A very interesting (non-firewalled) paper by Chamberland et al in PNAS reveals a new kind of transfer logic for brain cells. The neural circuit is the first synapse in the so-called hippocampal tri-synaptic loop, an area of the brain that I’ve been very interested in from the standpoint of my own research. The usual suspects for informational transfer between neurons at the synapse are either frequency or timing encoding of action potentials. Here the author’s demonstrate a new type of encoding such that the post-synaptic neuron, a CA3 pyramidal cell actually counts the incoming number of action potentials to determine (decide) if it in turn, will fire an action potential.

Why is this important? How information is gated in brain circuits is crucial to how they compute on information (just as it is for non-biological digital computers). If we want to understand (from a reverse-engineering standpoint) how human brains do the cool things they do, then we have to be on the look out for phenomena like the one described here, because therein lies a clue to brain computation.

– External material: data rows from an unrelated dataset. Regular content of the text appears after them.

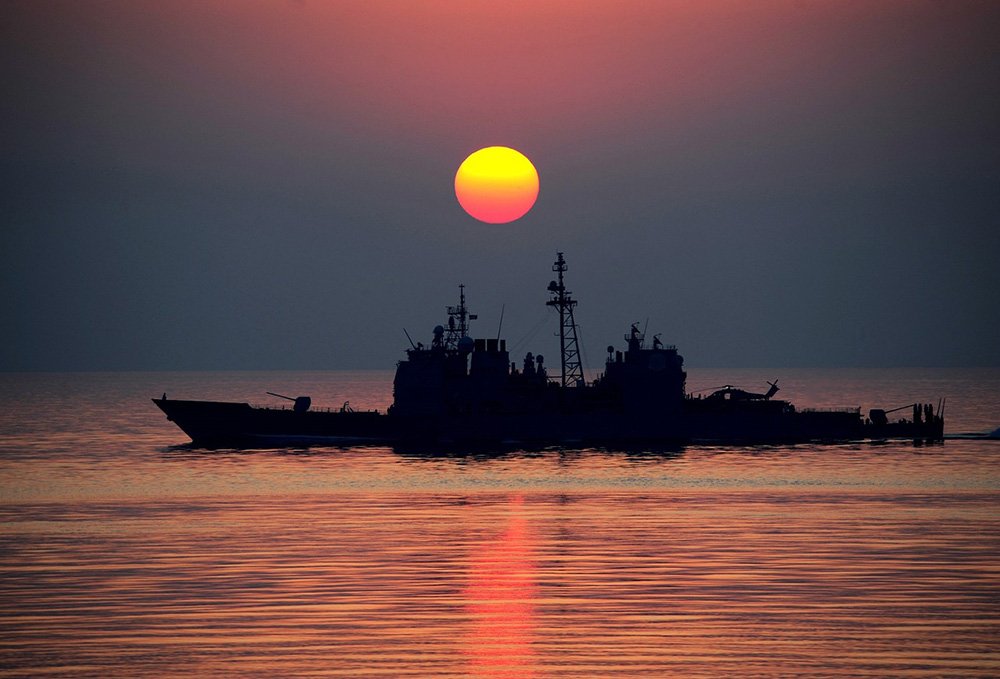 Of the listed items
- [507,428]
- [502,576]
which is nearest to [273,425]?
[507,428]

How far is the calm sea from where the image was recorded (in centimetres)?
2033

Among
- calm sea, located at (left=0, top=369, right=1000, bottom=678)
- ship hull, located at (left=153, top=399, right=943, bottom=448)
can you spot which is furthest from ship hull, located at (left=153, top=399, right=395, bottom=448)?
calm sea, located at (left=0, top=369, right=1000, bottom=678)

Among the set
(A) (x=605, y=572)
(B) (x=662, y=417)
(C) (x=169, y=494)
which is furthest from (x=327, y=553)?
(B) (x=662, y=417)

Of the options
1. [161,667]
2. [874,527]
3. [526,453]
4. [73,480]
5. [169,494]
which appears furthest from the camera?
[526,453]

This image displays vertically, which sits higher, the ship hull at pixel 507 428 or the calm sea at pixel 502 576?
the ship hull at pixel 507 428

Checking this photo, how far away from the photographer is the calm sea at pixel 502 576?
66.7 feet

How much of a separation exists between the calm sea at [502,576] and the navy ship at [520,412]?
829 inches

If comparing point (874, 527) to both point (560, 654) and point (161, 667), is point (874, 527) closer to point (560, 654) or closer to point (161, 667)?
point (560, 654)

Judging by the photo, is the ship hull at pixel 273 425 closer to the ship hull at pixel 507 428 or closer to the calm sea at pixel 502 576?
the ship hull at pixel 507 428

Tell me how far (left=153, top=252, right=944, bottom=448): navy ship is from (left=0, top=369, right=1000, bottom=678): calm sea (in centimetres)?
2106

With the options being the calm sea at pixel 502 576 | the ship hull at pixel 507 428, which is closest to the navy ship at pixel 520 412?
the ship hull at pixel 507 428

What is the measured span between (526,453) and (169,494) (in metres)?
30.1

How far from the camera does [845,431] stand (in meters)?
86.6

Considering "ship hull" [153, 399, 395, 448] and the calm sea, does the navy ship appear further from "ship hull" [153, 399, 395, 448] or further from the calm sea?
the calm sea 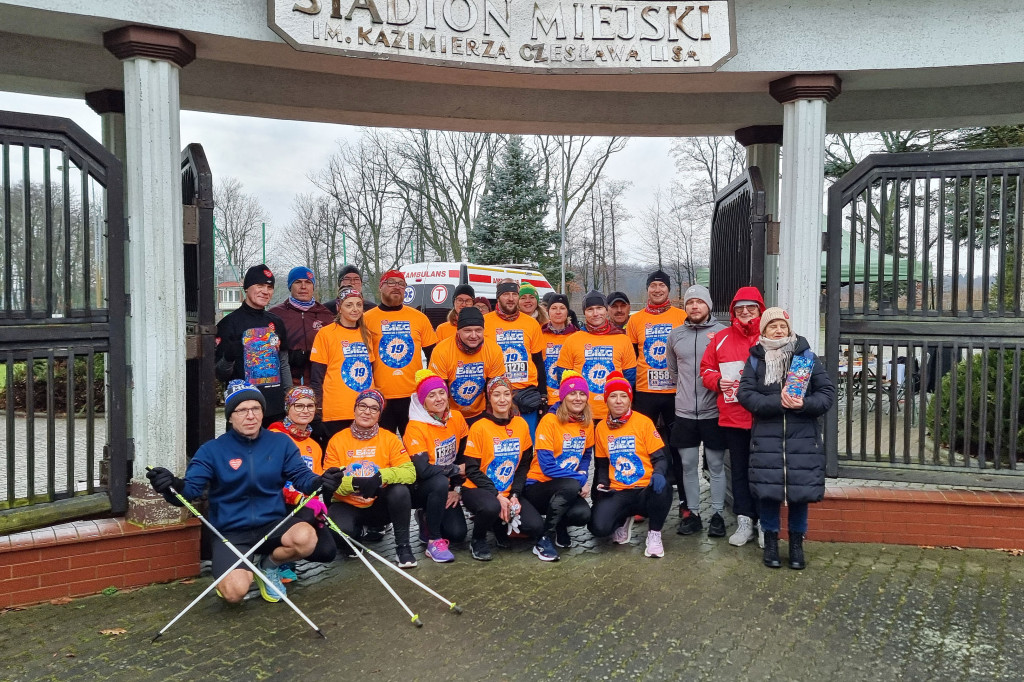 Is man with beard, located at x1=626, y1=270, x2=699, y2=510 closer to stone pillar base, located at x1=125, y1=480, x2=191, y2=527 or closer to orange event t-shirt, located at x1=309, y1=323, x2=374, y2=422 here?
orange event t-shirt, located at x1=309, y1=323, x2=374, y2=422

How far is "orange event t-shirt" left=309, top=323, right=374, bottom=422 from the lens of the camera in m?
5.55

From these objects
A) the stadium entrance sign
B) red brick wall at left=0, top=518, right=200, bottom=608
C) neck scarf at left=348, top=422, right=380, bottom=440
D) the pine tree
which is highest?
the pine tree

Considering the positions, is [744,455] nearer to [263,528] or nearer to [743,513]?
[743,513]

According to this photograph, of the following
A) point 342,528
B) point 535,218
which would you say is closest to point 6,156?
point 342,528

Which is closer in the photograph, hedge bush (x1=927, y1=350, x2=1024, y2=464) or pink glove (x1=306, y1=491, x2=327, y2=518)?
pink glove (x1=306, y1=491, x2=327, y2=518)

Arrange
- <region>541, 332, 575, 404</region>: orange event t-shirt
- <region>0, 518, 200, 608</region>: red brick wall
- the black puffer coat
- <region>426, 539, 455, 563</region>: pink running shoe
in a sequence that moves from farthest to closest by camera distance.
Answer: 1. <region>541, 332, 575, 404</region>: orange event t-shirt
2. <region>426, 539, 455, 563</region>: pink running shoe
3. the black puffer coat
4. <region>0, 518, 200, 608</region>: red brick wall

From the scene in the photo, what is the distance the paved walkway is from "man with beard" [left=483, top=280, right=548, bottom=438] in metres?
1.57

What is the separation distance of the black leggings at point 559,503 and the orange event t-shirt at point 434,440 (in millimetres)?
647

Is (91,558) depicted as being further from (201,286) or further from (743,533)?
(743,533)

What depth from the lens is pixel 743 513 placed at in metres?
5.51

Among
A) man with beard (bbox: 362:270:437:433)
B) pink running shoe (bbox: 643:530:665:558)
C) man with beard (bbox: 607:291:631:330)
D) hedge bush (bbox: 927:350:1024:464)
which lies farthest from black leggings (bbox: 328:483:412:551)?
hedge bush (bbox: 927:350:1024:464)

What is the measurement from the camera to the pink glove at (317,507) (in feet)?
15.7

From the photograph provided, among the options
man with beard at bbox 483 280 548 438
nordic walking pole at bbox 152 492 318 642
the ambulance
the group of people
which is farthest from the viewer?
the ambulance

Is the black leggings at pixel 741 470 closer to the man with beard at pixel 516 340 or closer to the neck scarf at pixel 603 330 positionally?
the neck scarf at pixel 603 330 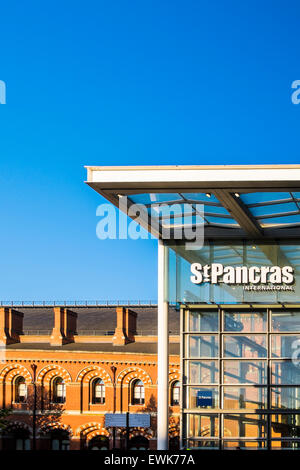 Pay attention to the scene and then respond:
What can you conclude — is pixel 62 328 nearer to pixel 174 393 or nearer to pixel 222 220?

I’ll just add, that this neural circuit, the hippocampus, turns out to be crucial to learning and memory–particularly the kind called episodic, or what I describe to my students as “the movie of your life”.

AI and Video Gaming

Today’s FT has an interesting article(behind paywall) about AI being deployed into the video game space after its success at Chess and Go. What interests me here is that such video games are more open ended and ‘noisy’. They typically don’t have compact rule sets and strike me as capturing more of the flavor that smart machines are going to encounter in the real world (say when they are autonomously driving on the Washington DC beltway). Of course, the typical algorithm right now involves reinforcement learning and the AI plays against itself. That’s perfectly sensible in a gaming environment, but not really applicable to autonomous robot roaming out in the wild.

There’s a different approach out there and it’s based on reverse-engineering the brain processes that sub-serve hu man child language acquisition.  The key idea is that human children acquire language with great ease and not a lot of reinforcement. We know quite a bit about the neurobiology of mnemonic function, both at the molecular level and at the neuro-algorithmic level. That this existence proof manifests so saliently suggests to me that this is where the next paradigm is going to be revealed.